Big data is only getting bigger, and that can cause big problems for researchers who need to store and share their data. Twenty doctoral students and post-doctoral associates from across the county learned the tools and techniques to solve these problems at the inaugural Cyber Carpentry Workshop at the University of North Carolina at Chapel Hill. Sponsored by the National Science Foundation (NSF) and hosted by the UNC School of Information and Library Science (SILS), the two-week workshop in late July introduced students to a variety of applications, platforms, and processes for data life-cycle management and data-intensive computation. The Renaissance Computing Institute (RENCI) provided support for the workshop in the form of instructors and project management staff.
“Previously, you had maybe a thousand files, maybe ten thousand,” said Arcot Rajasekar, SILS professor and RENCI chief domain scientist in data grid technology. “Now, you’re talking about 100 million files and doing simulations and emulations that can create petabytes of data. Managing that just by human interaction is not going to be effective; you need some automation there. In addition to the volume of data, you have to consider the velocity of data coming in and the multiple varieties of data you’re collecting. This is not easily done without a good level of management.”
Though not affiliated with Software Carpentry or Data Carpentry, Cyber Carpentry organizers drew inspiration from those projects. The workshop at Carolina brought together data professionals, educators, and researchers from RENCI, the iRODS Consortium, SILS, the Odum Institute, the University of Arizona (CyVerse), Indiana University (Jetstream), University of Virginia (Hydroshare), Drexel University, and Amazon (AWS)) to teach these intensive two-week courses.
The workshop familiarized participants with the concepts of virtualization, automation, and federation as defined through the Datanet Federation Consortium (DFC), an NSF-funded project that promotes sharing within and across science and engineering disciplines. Instructors introduced specific DFC web portals, including CyVerse, Dataverse, DataONE, and Hydroshare, as well as relevant software, metadata management strategies, and large-scale workflows.
Participants learned the basics of the integrated Rule-Oriented Data System (iRODS), which is free open source software for data discovery, workflow automation, secure collaboration, and data virtualization used by research and business organizations around the globe.
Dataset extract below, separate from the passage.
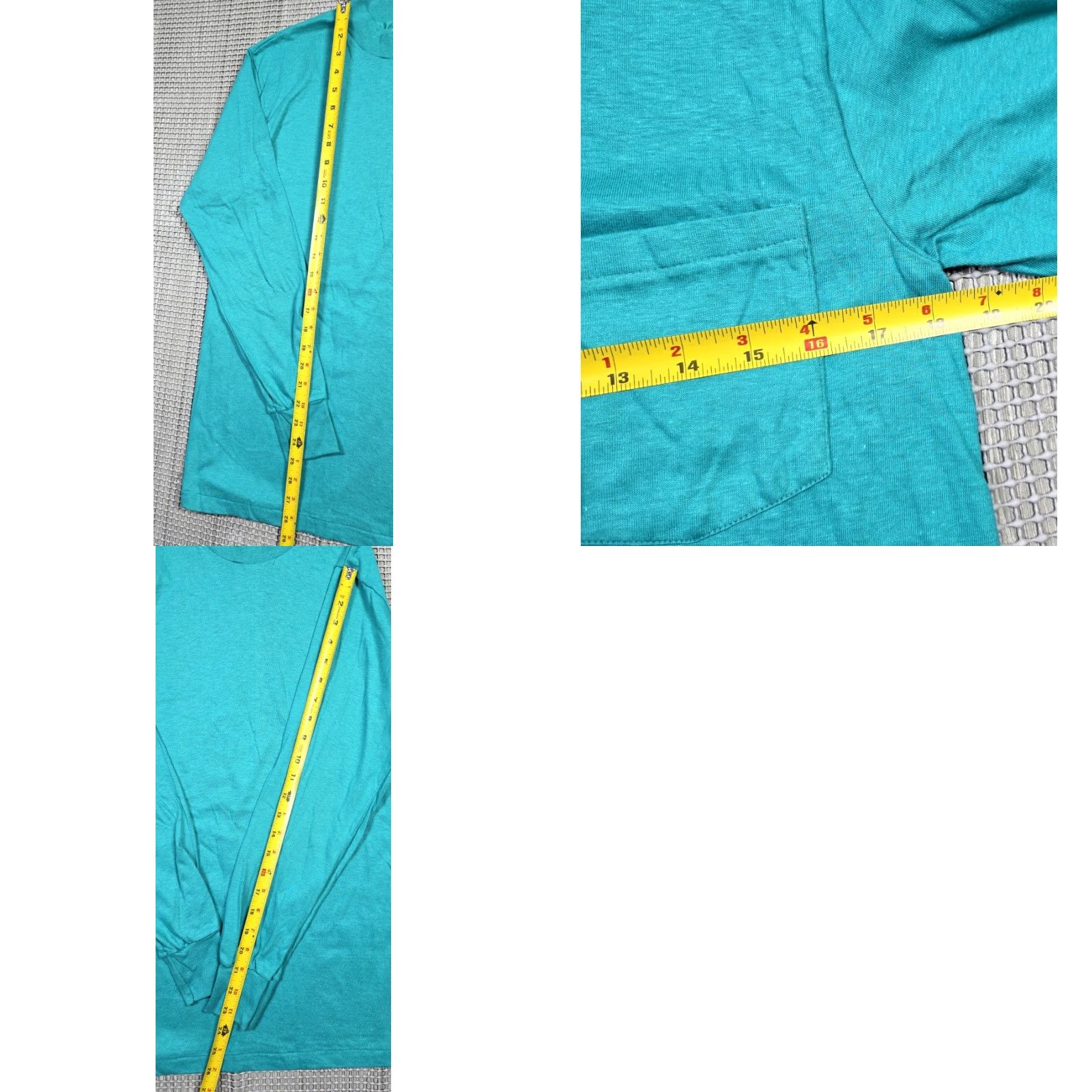 Hanes Hanes Beefy-T T-Shirt M USA Long Sleeve Vintage 90s Teal Green Crew Neck Size US M / EU 48-50 / 2 - 8 Thumbnail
Housed at RENCI, the iRODS Consortium guides development and support of iRODS. Terrell Russell, iRODS chief technologist, and Hao Xu, a RENCI research scientist, both taught courses about iRODS during the two-week workshop.
“The students in this workshop are not yet in charge of securing federal funding and writing data management plans, but they’ll be there very soon,” said Russell. “We want them to know about the tools they’ll need when the time is right.”
The workshop drew students from across the country, with NSF-funding providing travel and accommodation support. Anuja Majmundar, a doctoral student at the University of Southern California, said the Cyber Carpentry workshop offered a great opportunity for her to learn tools and procedures that could make data science more reproducible and scalable, especially for the diverse data streams she encounters in her research on health behaviors.
Jocelyn Colella, a PhD candidate in evolutionary genomics at the University of New Mexico, said gaining experience with containers – programs that can virtualize entire scientific workflows, including software, libraries, and data – was one of the highlights of her experience, and the introduction to the JetStream and CyVerse virtual environments had significant implications for her research.
“Coming from a smaller lab, it has been incredibly expensive to build the computing resources and data archival infrastructure necessary to deal with terabytes of genomic data,” she said. “Learning about the free computational and storage resources available through NSF-funded projects has revolutionized how I conceptualize my own workflows and will alter how I apply for grants going into the future.”